杂记

ZooKeeper的用途:distributed coordination;maintaining configuration information, naming, providing distributed synchronization, and providing group services.

Zookeeper的节点都是存放在内存中的,所以读写速度很快。更新日志被记录到了磁盘中,以便用于恢复数据。在更新内在中节点数之前,会先序列化到磁盘中。

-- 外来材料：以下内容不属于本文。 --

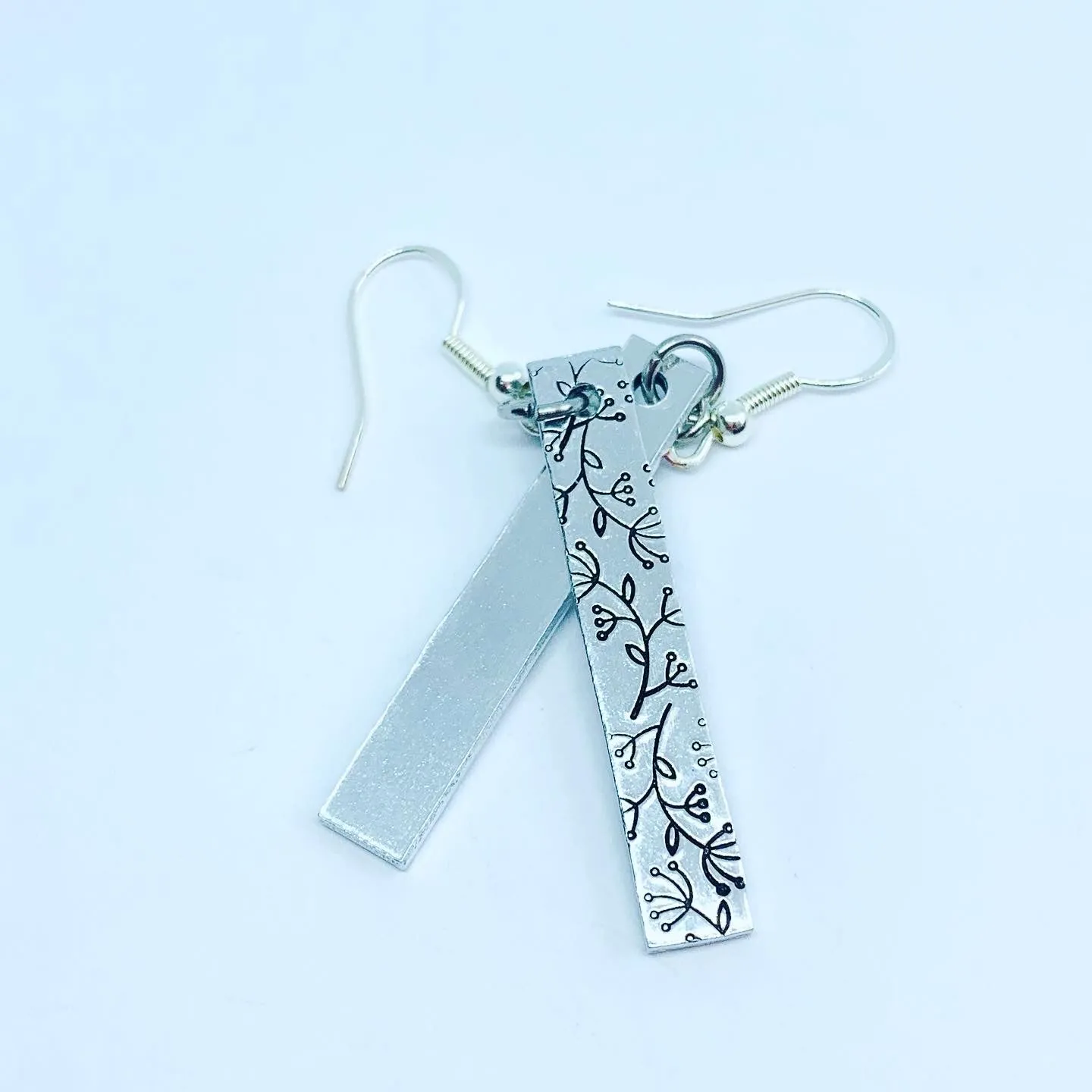 Dangling Floral - Hand Stamped Earrings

为避免单点失效,zookeeper的数据是在多个server上留有备份的。不管客户端连接到的是哪个server,它看到的数据都是一致的。如果client和一个server的TCP连接失效,它会尝试连接另一个server。众多server中有一个是leader。

所有的server 都必须知道彼此的存在。

zookeeper在读写比例为10:1时性能最佳。

每个znode上data的读写都是原子操作。

读是局部性的,即client只需要从与它相连的server上读取数据即可;而client有写请求的话,与之相连的server会通知leader,然后leader会把写操作分发给所有server。所以定要比读慢很多。

在建立zookeeper连接时,给定的地址字符串可以是这样的:"192.168.1.1:3000,192.168.1.2:3000,192.168.1.3:3000/app/a",以后的所有操作就都是在/app/a下进行的。实际上只连接到一台ZooKeeper机器就可了,没必要指定每台zk机器的IP和端口,即用“192.168.1.2:3000/app/a”也是可以的。

当client与一个server断连接时(可能是因为server失效了),它就收不到任何watches;当它与另一个server建立好连接后,它就会收到"session expired"通知。

ACL不是递归的,它只针对当前节点,对子节点没有任何影响。

默认情况下日志文件和数据文件是放在同一个目录下的,为缩短延迟提高响应性,你可以把日志文件单独放在另一个目录下。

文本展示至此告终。